While it’s not a new concept, data federation is gaining attention as enterprises look to deploy service-oriented architecture (SOA) environments.
The demands of SOA are a good fit for data federation, says Ted Friedman, a research vice president at Gartner. “Just as you have application services and business services in an SOA, we believe you’ll also have data services that provide for common and consistent access to data, movement of data, transformation of data and so forth,” Friedman says.
The desire for more real-time reporting is also driving interest. With data federation technology, companies can tap into the most up-to-date information sources instead of querying a data warehouse fed by batch processes. A law enforcement agency could consolidate intelligence data from federal, state and local sources in a single view, for example, or a financial services firm could query a handful of operational systems to determine a customer’s current account status and pair it with historical information from a data warehouse.
A federated view of data is quicker to build and easier to modify than a data warehouse, advocates say. Plus, data federation allows for the integration of data from non-relational data sources, such as emails and text files.
A host of vendors offer data federation products, including integration veterans such as BEA Systems, IBM, Oracle and Sybase, as well as smaller specialists such as Attunity, Certive, Composite Software, MetaMatrix and Sypher-link. The products emerged as companies struggled to address a common problem in today’s enterprise environments: a proliferation of independent data sources, including application-specific repositories.
“Data is stored in databases only because some organisational manager got some money and built a database to achieve his mission,” says Moses Kamai, knowledge management practice leader in the national security division at Battelle. “These silos of information, specific to certain kinds of missions, over the years, have cropped up everywhere.”
Battelle, an R&D organisation based in Columbus, Ohio, develops new technologies and manages laboratories for industry and government clients. It’s a research-centric business, so Kamai knows first-hand the challenges of data integration and ownership.
“In the past we always had to build centralised databases. I could copy the data that someone else already owned, but that introduced the problem of desynchronisation. The other choice was to take total control of the data,” he says. In either case, melding disparate data sources to build a centralised repository was typically a multi-year effort.
These days Kamai finds a federated approach to data integration is much faster. In addition, because data stays in its place, there are fewer cultural and political hurdles to cross. A data owner can decide to make only selected parts of a data source open to a distributed query and keep other portions private. “That makes it palatable,” Kamai says.
Battelle uses software from Sypherlink to automate the critical data discovery and mapping process, determining the relationships and dependencies that exist among multiple data sources. Sypherlink’s technology “does nothing to change the principles of data management,” Kamai says.
“What it does change is the timeline, and it overcomes the social dynamics around data management and data ownership.”
Everything in its place
Data federation isn’t a cure-all, nor is the approach without challenges.
While it’s a fit for some reporting needs, most enterprises won’t depend solely on data federation.
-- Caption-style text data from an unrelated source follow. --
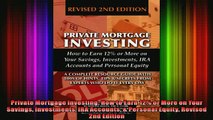 READ book  Private Mortgage Investing How to Earn 12 or More on Your Savings Investments IRA Full Free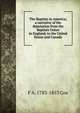 The Baptists in America; a narrative of the deputation from the Baptists Union in England, to the United States and Canada, F A. 1783-1853 Cox 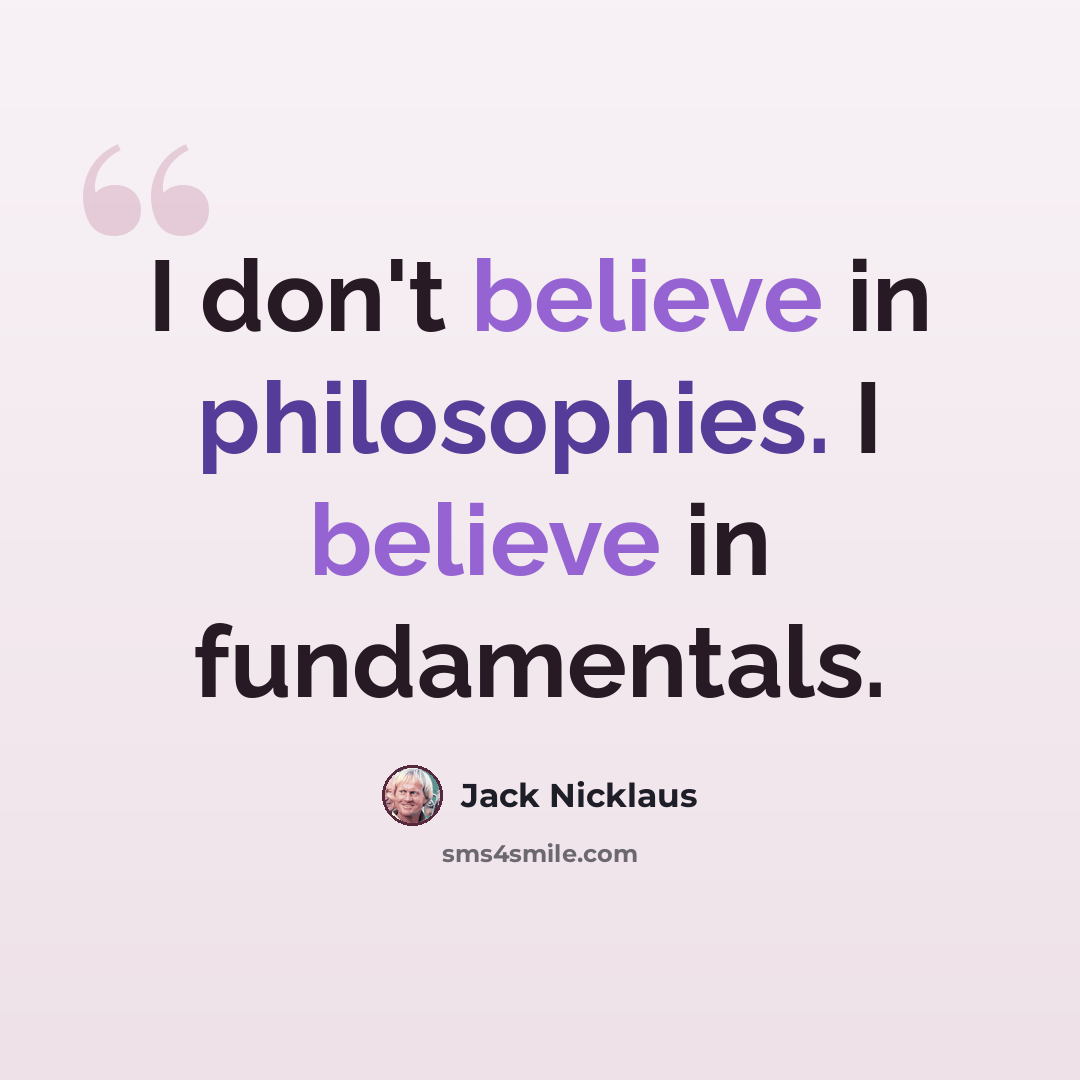 “I don't believe in philosophies. I believe in fundamentals.” quote by Jack Nicklaus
It may be more appropriate for an enterprise to run a query offline, using ETL tools and a data warehouse, if the data being searched doesn’t change frequently, for example. Data replication tools might be a better fit if a company needs to copy transactional data for a new application roll-out. “Federation alone cannot solve the full breadth of data integration needs,” Friedman says.
Data federation technologies will co-exist with data warehouses, says Richard Hedges, programme director of IBM’s information integration products. “Companies are still going to consolidate data, build warehouses and have marts. But they’re also going to want more flexibility, real-time data access and the ability to get at data sources that are not relational,” Hedges says.
Deployed selectively, data federation technologies can round out a portfolio of data management tools and complement such physical data integration options as the data warehouse. Although the means differ, the end-goal of all the tools is the same: better business intelligence.